Installing Redis (Simple)


Before we start learning about Redis and how we can leverage on its fast performance, we need to install and have a working server. The installation of Redis is easy and straightforward.

Getting ready

In order to install, we need a computer system with a working Linux environment or a Mac OS X. If using Linux, I assume you have installed the Debian or Ubuntu operating system for this book. For the other operating system, you can refer to the There's more section of this recipe. As the Debian or Ubuntu packages are usually outdated, we will see how to install the Redis server from the source. Make sure you are using the latest stable version, as Redis is under active development and new commands and improvements pop out in every version. There are no dependencies for the Redis server except libc, which will be available in your system by default. But to build the server from the source, you need the compiler.

How to do it...

  1. We will start with installing the build tools which are necessary to build Redis from the source. Open the terminal program and execute the following command:

    # sudo apt-get update
    
  2. Once the command executes, download the compiler with build essentials, which is a package of all the common build tools to build the Redis server from the source.
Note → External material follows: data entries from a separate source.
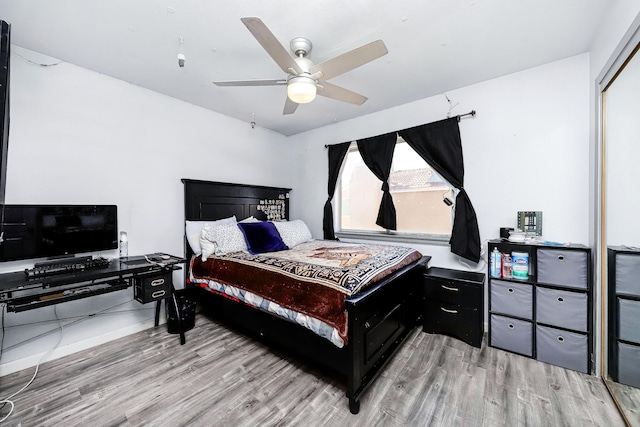 bedroom featuring ceiling fan, a closet, and light wood-type flooring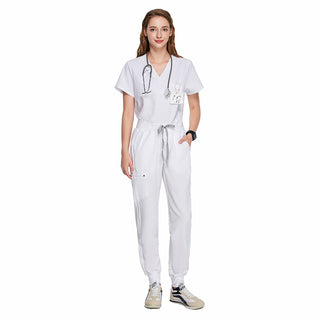 white medical scrub uniform on a woman, short sleeved top with v-neck and medical scrub pants with ribbed ankle cuffs, high waisted with adjustable drawcord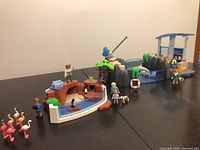 Full view of both Playmobil marine enclosures with figures and accessories displayed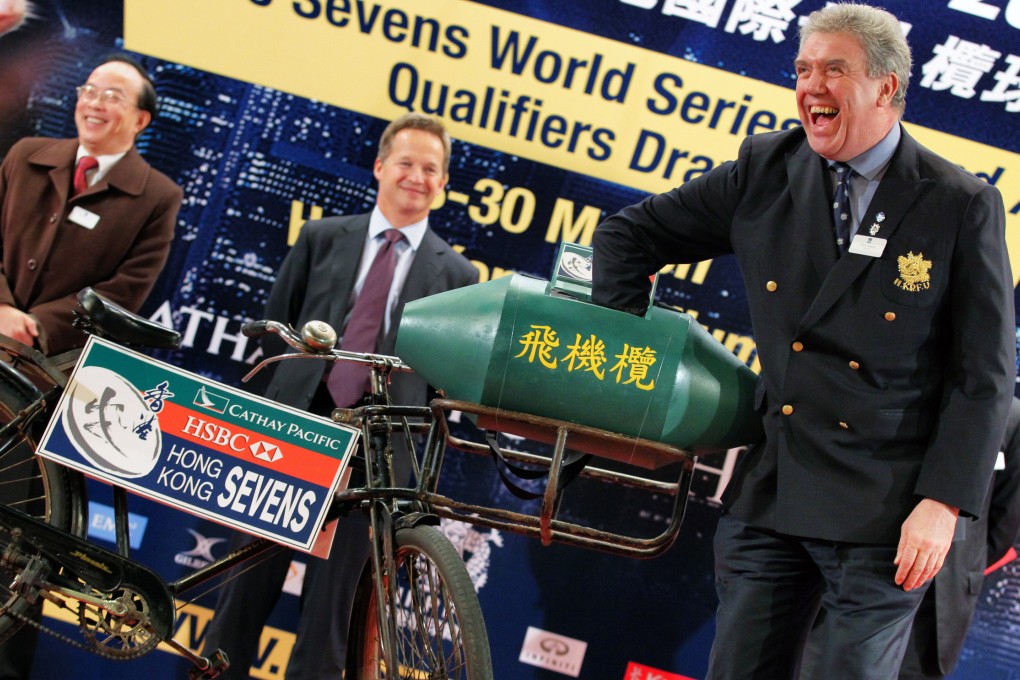 Trevor Gregory (right, drawing from basket), Chairman, Hong Kong Rugby Football Union (HKRFU), attends the Cathay Pacific/HSBC Hong Kong Sevens 2014 Official Draw held at the Confucius Hall Secondary School, So Kon Po. Photo: Nora Tam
    # sudo apt-get install build-essential
    
  3. Now we have all the components to build the source. The following URL always has the latest stable build (2.6.13), which eliminates the confusion of version numbers:

    # wget http://download.redis.io/redis-stable.tar.gz
    # tar xvzf redis-stable.tar.gz
    # cd redis-stable
    # make
    # sudo make install
    

How it works...

Building a Redis server from the source is easy and it gets the latest version. The preceding steps will download the latest version of Redis from the repository, compile the C source, and install them in the machine. In this section, we will understand about various executables generated in this process.

You can install any unstable builds using the same procedure.

Tip

Caution

Be aware that the unstable builds usually have bugs and are not for production environments, so do not use them unless you are sure about what you are doing.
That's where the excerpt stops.